Compulsion versus choice

Migrating services online is a good idea but cannot be applied universally and when the private sector fails it loses a customer, when the public sector fails a citizen loses their entitlement
Robin Kinniburgh Vertex

The government has made it clear that it intends to migrate access to certain services online. It is hoped that in the future, applying for a driving licence or obtaining benefits will be more efficient for the citizen and will ultimately save money for the taxpayer.

On the face of it this makes complete sense. Research by SOCITM, which represents IT managers in local government, has identified that traditional customer service channels (face-to-face, phone and post) are generally more costly than their online equivalents. But this approach cannot be applied universally.
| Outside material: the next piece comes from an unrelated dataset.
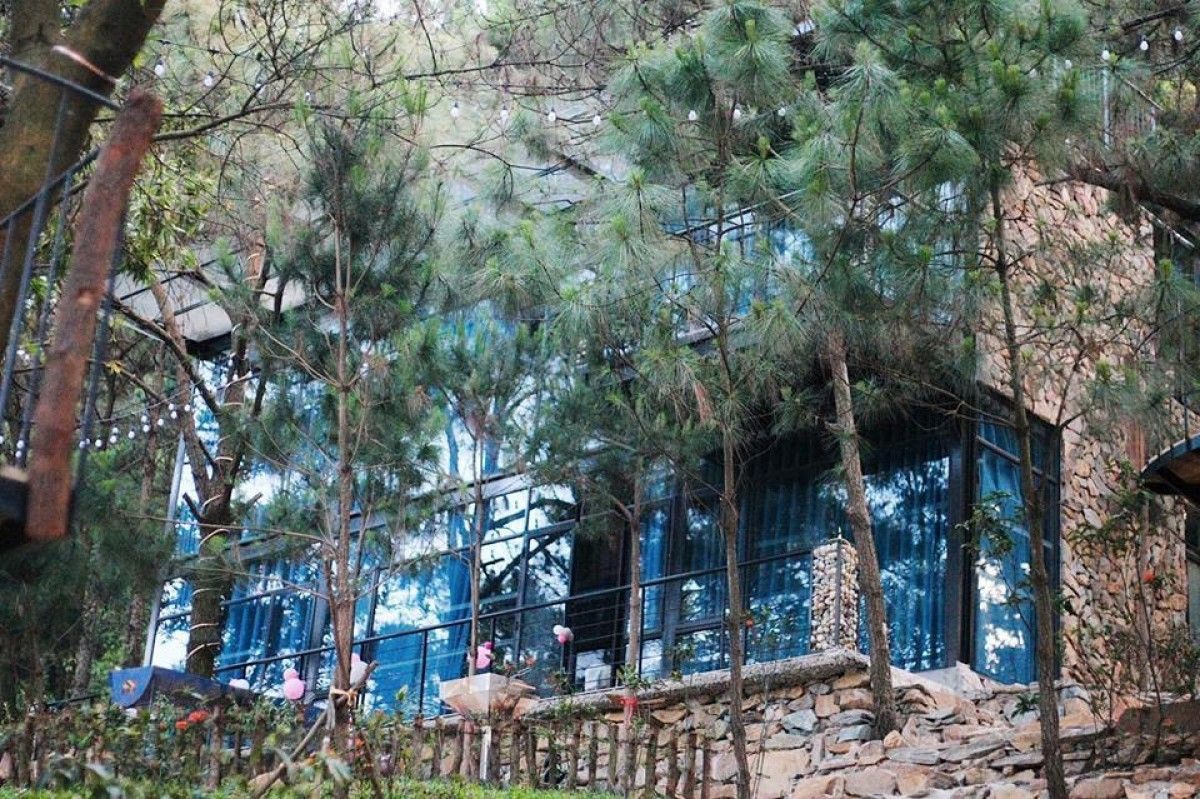 Thông tin quảng cáo trên mạng xã hội Facebook, giá phòng ở khu nghỉ dưỡng này khá cao: ngày thường là 3,9 triệu - 4 triệu đồng/đêm; vào ngày thứ 7 hoặc ngày lễ giá lên đến 5,9 triệu/đêm. Ảnh: Homestay.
The government must decide which services can be migrated online and then it must identify which citizens it can 'compel' to use this new channel – and how far it takes the concept of compulsion. In doing this, the government cannot erode the service's accessibility or quality. As any retailer will tell you, this is not an easy task.

Of course there will be some citizens who will delight at never having to stand in line or fill in paper forms to apply for a passport. These represent a quick win for the government and the task here is to simply signpost them to the new services. By the same token there are some citizens who will never use online channels. This audience segment should continue to receive appropriate support.

The big task is to migrate the third segment – those people who are potentially able but nervous to carry out transactions online – to this new channel. There are a number of strategies including making the voice channel comparatively less desirable. This can mean removing free telephone numbers, deliberately increasing call response time and, of course, promoting the web as a channel in recorded announcements.

In addition, there are a number of smart intervention techniques and technologies that can be 'borrowed' from the private sector to encourage and help citizens to use these channels.

Take 'dropped basket' for example, which enables a contact centre agent to intervene to help a citizen if they fail to successfully complete an online application. This supports the individual as they complete the transaction and can be delivered over the phone or online, providing a safety net for those people who fall between the technology-savvy and technology-phobic segments.

Increased use of e-channels doesn't necessarily mean the end of face-to-face contact. Personal assistance at post offices has been suggested, with staff helping those who need help to complete their applications either by assisting people to complete on-line forms via dedicated in-store terminals, or checking paperwork has been completed correctly (in line with the passport checking service already provided).

Clearly there is a cost to this service but as with facilitated self-service checkouts at major supermarkets or even airline check in terminals, this can alleviate the pressure on other channels better suited to complex interactions.

Voluntary and third sector community groups also have a significant role to play in the migration to new channels. The current plan will see these groups build on the outreach services that they provide to help the elderly and vulnerable who need a supportive environment – whether that means help completing forms at home via a support laptop or by helping citizens at community drop-in centres.

As yet though there's no cohesive plan for the delivery of the 'big society'. This is a vacuum that must be filled if we're to see a combination of national initiatives such as support at post offices, combined with local schemes delivered by the third sector.

I'd argue that we need a strategic service integrator – not only able to oversee the deployment of services efficiently – but with a clear view of the power they can exert over supplier and citizens to migrate them to lower-cost channels. Achieving this will require ownership at the highest level of the government and must be endorsed by senior leaders within appropriate departments and among local government.

The requirement for cost savings are borne of necessity. And while the opportunity to introduce and transform engagement channels can't be overlooked, capitalising on it won't be easy. If the private sector gets its strategy wrong it loses a customer. If the public sector fails, a citizen loses their entitlement.

The government must mandate smart customer management that can embrace the technically literate while providing a "citizen service safety net" to support those least equipped to cope.